Have your eyeballs fallen out yet?  I figured.

Happy Friday!

Tuesday, October 6, 2009

Where I Find Comfort

I awoke this morning to a cold, rainy, gloomy morning. A man crabby because Maggie had pooped in our room last night.  Dogs who were driving me ape shit because the weather has been too terrible to get them exercised and get training work done on a regular basis.  A cat who decided to start yowling over his breakfast a whole half an hour early this morning, probably sensing my morning rage and convinced that I would fail to feed him.

Tuesdays are my Mondays currently, until I go back to a normal schedule at work.  And this work week has not started off on a good note.  It's freezing here at my desk.  I sit near the outside door and everytime a smoker walks in or out of the building, I'm nearly blown over by a frigid wind mixed with cigarette smoke.  Lovely.

Added to that, we're going into a season that both loathe and love.  Cold only intensifies my anxieties.  Snow and ice on the roads make me a tightly wound ball of nerves until spring comes back.  So it's during this time that seek out things that bring me comfort and warmth.

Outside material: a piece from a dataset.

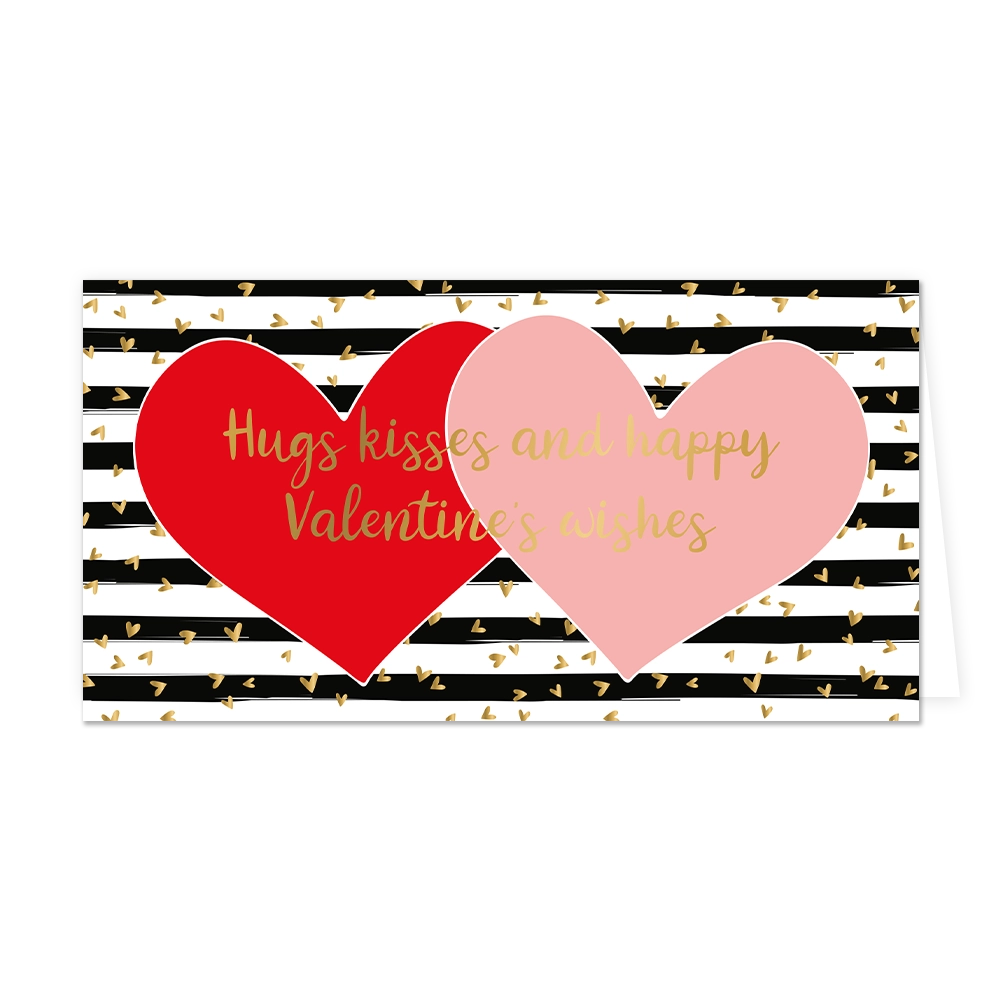 Hugs kisses and happy Valentine's wishes - Formaat: Groot - Vorm: Liggend - Valentijnskaart - Op deze wenskaart staan twee hartjes, een rode en een roze met in het midden de tekst: "Hugs kisses and happy Valentine's wishes". - Snelwenskaart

This morning, while there is not yet snow or ice on the roads, I needed something.  Something that would soothe my frayed nerves and get me through the day.  I grabbed my big olive green mug and got some coffee.  For years now, our bitter office coffee has been a gift.  You'd think a nurotic person should avoid the caffine.  But it has the opposite affect on me and actually calms me down. 


photo by Mark Peace @ flickr

Then I clicked my computer on and once my work programs were up and ready to go, I switched over to settle down with my coffee and read the blogs that I follow.  Blogging for me has been a great adventure.  I was always very anti-blogger geek before.  But once I started reading and writing in my own, I became passionate about this little blogger community.  I follow about a dozen blogs, and each and every one of them is something that I look forward to.

I love hot tea or cocoa in the cold months.  I love my 'shows'.  They are something to look forward to each day.  Something to pull me through the day until I can finally jump into thick sweats and curl up in my big overstuffed chair with my man and just breathe and relax.


While I often get put over the edge by my dogs, they are also still very much a comfort to me.  They are my life, my children, my family, and they are always there to listen to me, even when my human companions don't understand. 

I find comfort in decorating my home for the holidays.  Doing my best to keep my home as my sanctuary is important to me.  And it's important to Red.  Having a warm, happy, comfortable home like nothing else.

I need peace and comfort and warmth.  It's the only way I survive.